Data records:

- - -

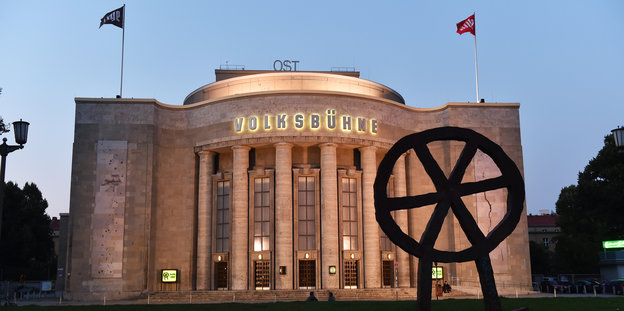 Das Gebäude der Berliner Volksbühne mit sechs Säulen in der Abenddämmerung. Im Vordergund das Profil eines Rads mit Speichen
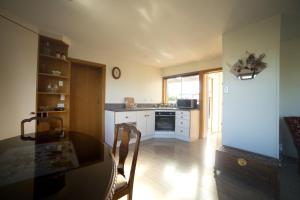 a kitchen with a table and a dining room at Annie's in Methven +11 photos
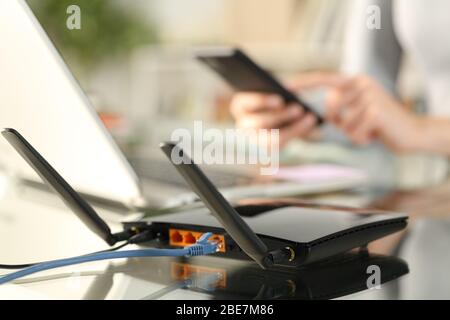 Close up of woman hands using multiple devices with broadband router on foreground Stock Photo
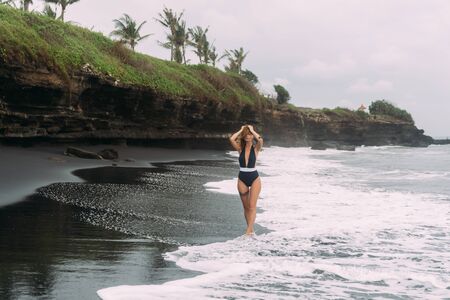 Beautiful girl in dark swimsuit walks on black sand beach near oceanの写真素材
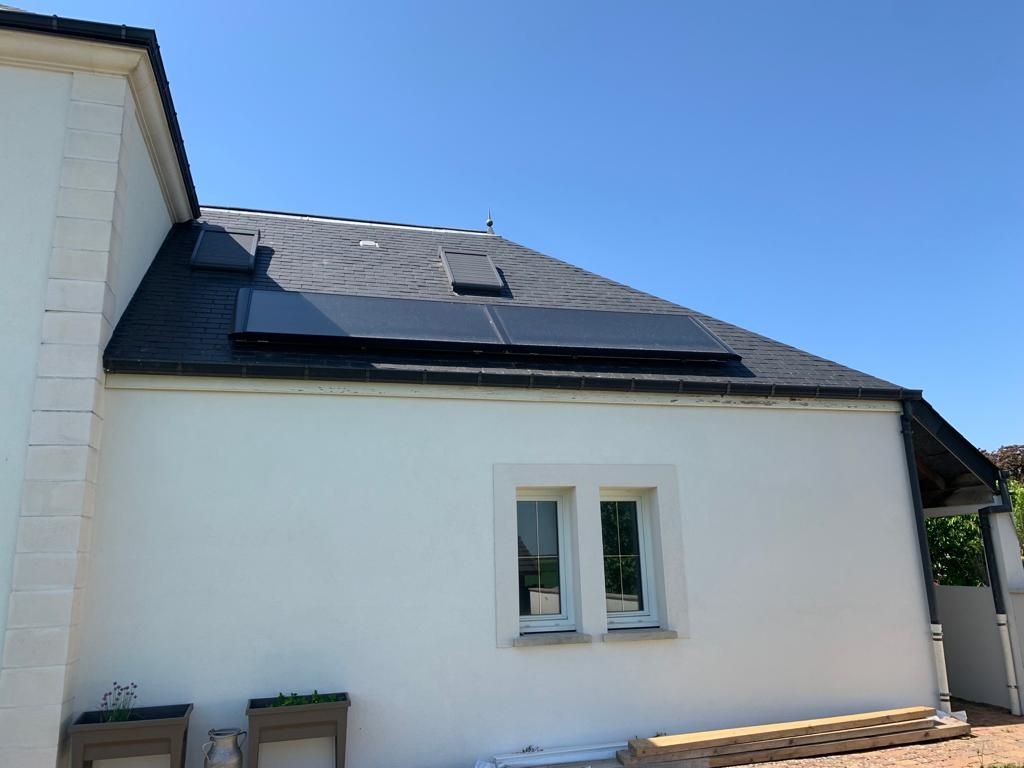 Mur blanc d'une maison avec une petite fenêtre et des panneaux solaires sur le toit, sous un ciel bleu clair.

- - -

◆ What this task involves:
Output the records above unchanged, minus their pictures.

◆ Written reply:
 Das Gebäude der Berliner Volksbühne mit sechs Säulen in der Abenddämmerung. Im Vordergund das Profil eines Rads mit Speichen
 a kitchen with a table and a dining room at Annie's in Methven +11 photos
 Close up of woman hands using multiple devices with broadband router on foreground Stock Photo
 Beautiful girl in dark swimsuit walks on black sand beach near oceanの写真素材
 Mur blanc d'une maison avec une petite fenêtre et des panneaux solaires sur le toit, sous un ciel bleu clair.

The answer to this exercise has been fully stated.